Wyatt (Wye) Garfield of Mystic, Conn., and Cuttyhunk Island, devoted husband of Katharine (Kitsy) Barney Garfield, his wife of nearly 64 years, and great-grandson of James Abram Garfield, 20th president of the United States, died on August 4 after a brief illness. He was 89.
Born on Oct. 8,1924 in Cleveland to Newell Garfield and Mary Louise Wyatt Garfield, he spent his childhood in Concord, Mass. He attended the Shady Hill School, Pomfret School, Yale University (graduating in 1948), and Bread Loaf School of English at Middlebury. He served in the U.S. Navy in the South Pacific at the end of World War II.
His working years led him first to Pomfret School in Connecticut for 10 years as English teacher, admissions director and crew coach. Then he went on to the Bancroft School in Worcester from 1960 to 1981 as headmaster. An old farm in Princeton, Mass., was home to his family for 44 years.
He offered his skills in founding the Cuttyhunk Yacht Club in 1956, and later established the Princeton Land Trust. Over the years, he served as Cuttyhunk selectman, trustee of Pomfret and Applewild Schools, chairman of the Cum Laude Society, committee member in the NAIS, and an Eastern Sprints judge. In recent years, he volunteered in myriad ways at the Mystic Seaport, including a small role in the restoration of the whaling ship, the Charles W. Morgan.
From his father he learned woodworking, which became a lifelong passion. He built boats with his teenaged sons, and sailboats and rowboats for children and grandchildren. He mastered the art of cutting jigsaw puzzles, and built practical furniture for his house. His pride was maintaining and shingling his house on Cuttyhunk, which became the touchstone of home for his family. In later years, his large workshop there became the place for many a repair or a good sit-down talk about life. There was nothing better than sharing wisdom and laughter with Wye, or taking a sail in his wooden Buzzards Bay day sailer, Beaver, his retirement gift to himself. On the land his sport was tennis and on the sea, sailing.

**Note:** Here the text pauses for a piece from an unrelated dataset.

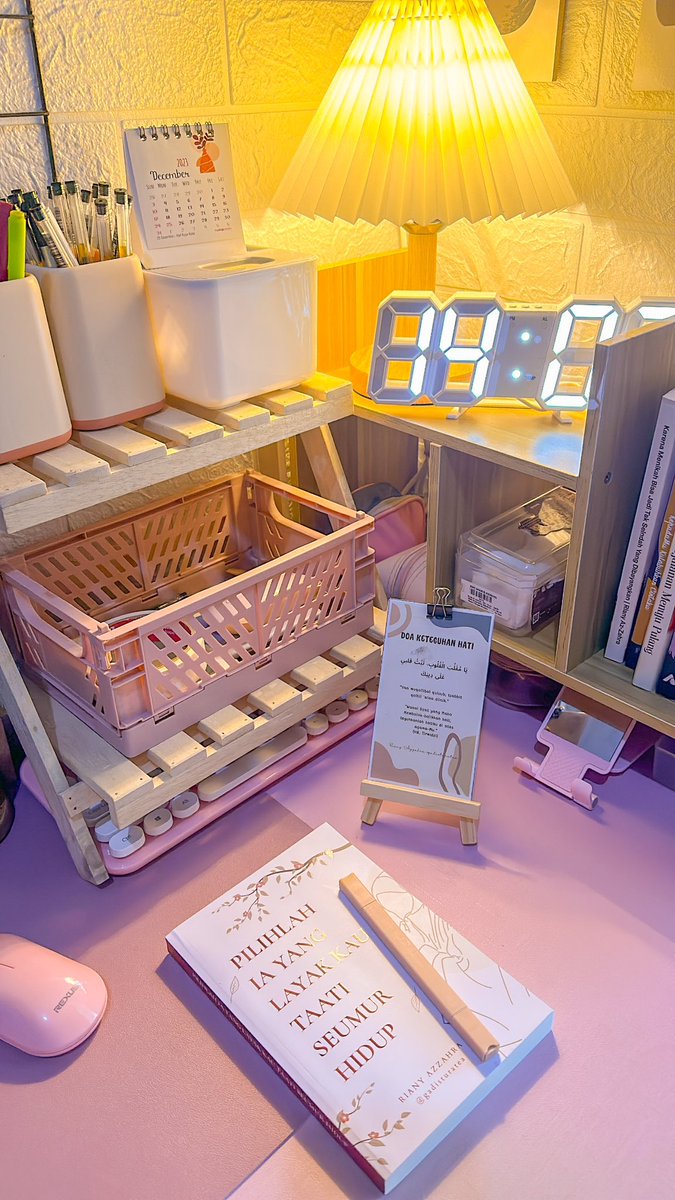 Menikah itu berat. 
Maka pilihlah dengan baik laki-laki yang akan menemani perjalananmu seumur hidup itu. 🥀

Kalau dari awal udah ga srek, ya udah jangan dilanjutkan. Daripada entar nyessel?! :(

Batal nikah itu masih jauh lebih baik daripada GAGAL dalam pernikahan. 🥀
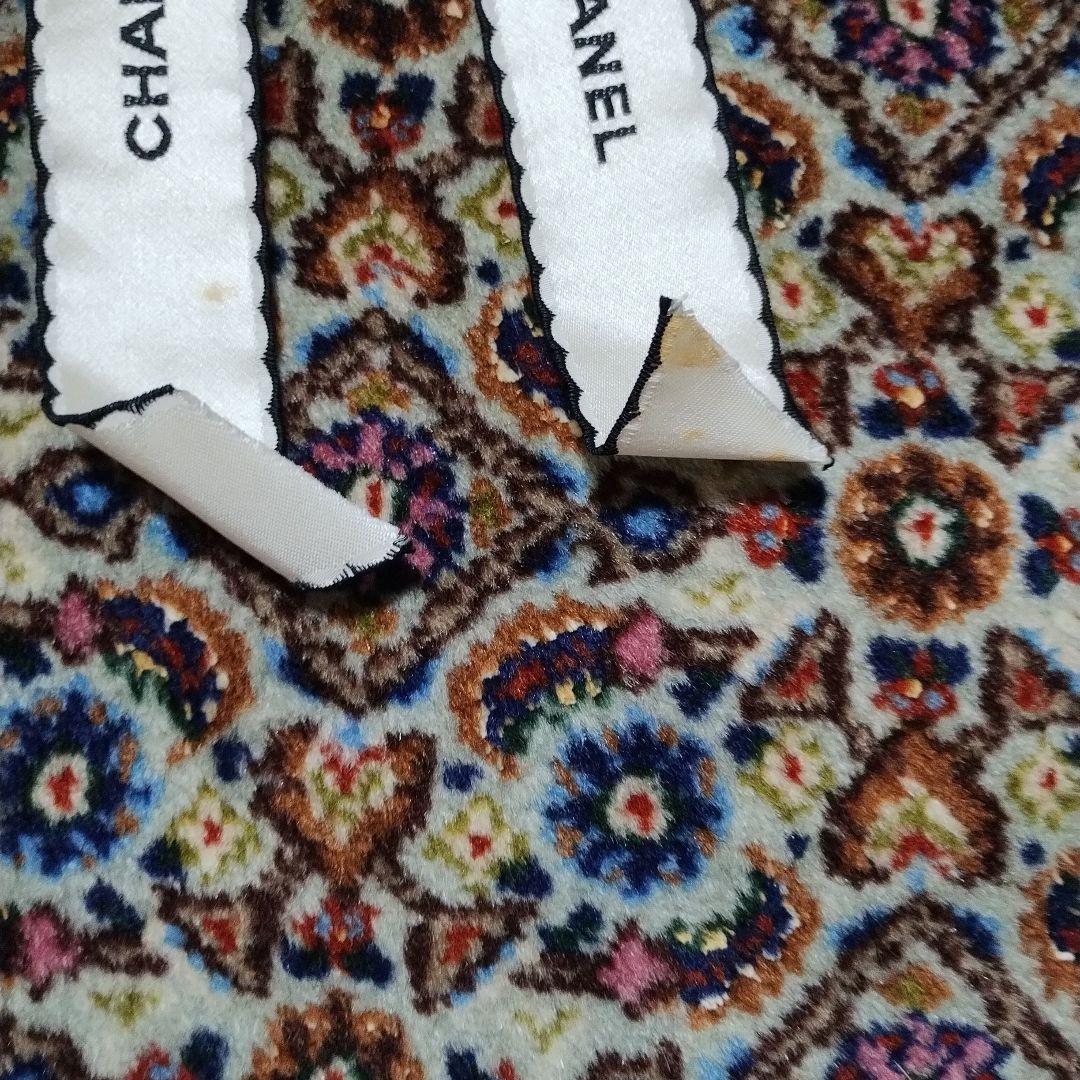 ヴィンテージ　CHANEL サテンリボン ブローチ白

In all the communities, schools, towns or shipyards that Wye Garfield inhabited, there wasn’t a person that didn’t like or love him. From his boyhood club of escapades, the Red Devils of Concord, to his final involvements in Mystic Seaport, his spirit — silly, kind, thoughtful, caring, and yes, naughty — taught us how to enjoy life. His innate talent for teaching and for woodworking of all kinds; his humor, self-discipline and standards, all make us better people, and the world a clearer place to enjoy. For his children and students, particularly the young, Wye loved nothing more than reading stories, or better yet, telling them with many embellishments. His self-published tales of his youth were treasured by his children and grandchildren. He always believed you could be anything you wanted to be. As much as he worked in the educational system, he put the highest value on one’s being happy and enjoying work.
A deeply involved family man, he and his wife Kitsy made their island home the center of their lives, enjoying simple summer living. In time nothing came to matter more than this place called Cuttyhunk, where he could be seen walking town roads, meeting the ferry boat and greeting everyone he met. He worked to improve places for the benefit of the community or organization, never for himself. He did not need attention and accolades for all he did. He truly left the world a better place, and people better for knowing him and having him in their lives.
He will be dearly missed by many. Flags were flown at half mast on Cuttyhunk, which says it all.
He leaves a large and loving family who enjoyed his presence in their lives every day. Besides his wife, he leaves six children: Sarah Garfield Berry and her husband Allen; Louise Garfield and her children Katie Bachler, and Matthew Bachler and his wife Chrissy Lee; Wyatt Garfield Jr. and his wife Rachel and their children Rebecca and her husband Paul Aracena Oliver, Wyatt, and William Garfield; Seth Garfield and his wife Dorothy and their children Dianna and her husband Brent Robinson, Samuel, and Kassia Garfield; Angus Garfield and his children Caroline and Elizabeth Garfield; and Benjamin Garfield and his wife Amy. He was predeceased by his brother Newell Garfield and his sister Sarah Garfield Smith.
A reception to celebrate his life is planned at StoneRidge retirement community, 186 Jerry Browne Road, Mystic, Conn., on Saturday, August 16, at 11 a.m. A memorial service on Cuttyhunk will be held at a later date.
Memorial contributions may be made to Gosnold Community Fund (c/o Community Foundation of Southeastern Mass.), 63 Union street, New Bedford, MA 02740; Princeton Land Trust, P.O. Box 271, Princeton, MA 01541, or Mystic Seaport, 75 Greenmanville avenue, Mystic, CT 06355.